(Beginning of DATA SUPPLIED)

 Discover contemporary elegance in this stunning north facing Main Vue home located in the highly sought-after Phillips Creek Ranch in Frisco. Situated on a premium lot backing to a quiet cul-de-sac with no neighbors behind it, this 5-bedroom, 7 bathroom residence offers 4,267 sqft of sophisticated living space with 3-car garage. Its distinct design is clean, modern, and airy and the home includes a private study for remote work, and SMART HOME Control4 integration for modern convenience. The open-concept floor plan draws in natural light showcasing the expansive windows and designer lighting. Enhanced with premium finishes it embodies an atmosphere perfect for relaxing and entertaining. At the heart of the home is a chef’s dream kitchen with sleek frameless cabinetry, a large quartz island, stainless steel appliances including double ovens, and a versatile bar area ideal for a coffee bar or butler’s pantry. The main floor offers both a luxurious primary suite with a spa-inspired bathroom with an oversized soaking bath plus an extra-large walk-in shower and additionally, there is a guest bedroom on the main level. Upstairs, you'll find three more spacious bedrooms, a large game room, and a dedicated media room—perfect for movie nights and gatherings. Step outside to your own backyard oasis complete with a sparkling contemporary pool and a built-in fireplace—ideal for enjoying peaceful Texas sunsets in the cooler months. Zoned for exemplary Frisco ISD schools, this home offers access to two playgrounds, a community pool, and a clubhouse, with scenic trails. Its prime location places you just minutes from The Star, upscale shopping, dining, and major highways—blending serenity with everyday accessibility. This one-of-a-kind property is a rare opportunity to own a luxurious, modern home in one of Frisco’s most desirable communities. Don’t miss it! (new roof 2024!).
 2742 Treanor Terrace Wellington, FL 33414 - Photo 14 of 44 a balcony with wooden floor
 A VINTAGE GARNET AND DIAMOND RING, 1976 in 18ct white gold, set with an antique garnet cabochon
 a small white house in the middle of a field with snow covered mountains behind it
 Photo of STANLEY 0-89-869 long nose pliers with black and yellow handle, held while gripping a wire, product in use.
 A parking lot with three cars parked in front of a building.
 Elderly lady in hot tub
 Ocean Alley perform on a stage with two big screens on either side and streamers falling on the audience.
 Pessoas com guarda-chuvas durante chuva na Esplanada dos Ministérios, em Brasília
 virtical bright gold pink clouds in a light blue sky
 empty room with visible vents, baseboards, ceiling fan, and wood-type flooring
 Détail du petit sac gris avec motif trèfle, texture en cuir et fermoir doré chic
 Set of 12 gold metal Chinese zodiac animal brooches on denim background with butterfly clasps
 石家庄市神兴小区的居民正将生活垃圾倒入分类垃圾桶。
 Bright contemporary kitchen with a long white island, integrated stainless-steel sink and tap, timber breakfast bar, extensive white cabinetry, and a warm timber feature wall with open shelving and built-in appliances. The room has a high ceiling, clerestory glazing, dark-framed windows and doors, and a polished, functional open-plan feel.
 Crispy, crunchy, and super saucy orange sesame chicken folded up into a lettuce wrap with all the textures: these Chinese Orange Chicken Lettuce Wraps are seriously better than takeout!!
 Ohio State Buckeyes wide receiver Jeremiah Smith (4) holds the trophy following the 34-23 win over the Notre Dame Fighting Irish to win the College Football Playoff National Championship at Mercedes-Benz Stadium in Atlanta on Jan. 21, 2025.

(End of DATA SUPPLIED)

** TASK REQUIREMENTS **
Wherever the word "long" appears in the entries above, copy that whole line.

** RESULT FOR THIS EXERCISE **
 Photo of STANLEY 0-89-869 long nose pliers with black and yellow handle, held while gripping a wire, product in use.
 Bright contemporary kitchen with a long white island, integrated stainless-steel sink and tap, timber breakfast bar, extensive white cabinetry, and a warm timber feature wall with open shelving and built-in appliances. The room has a high ceiling, clerestory glazing, dark-framed windows and doors, and a polished, functional open-plan feel.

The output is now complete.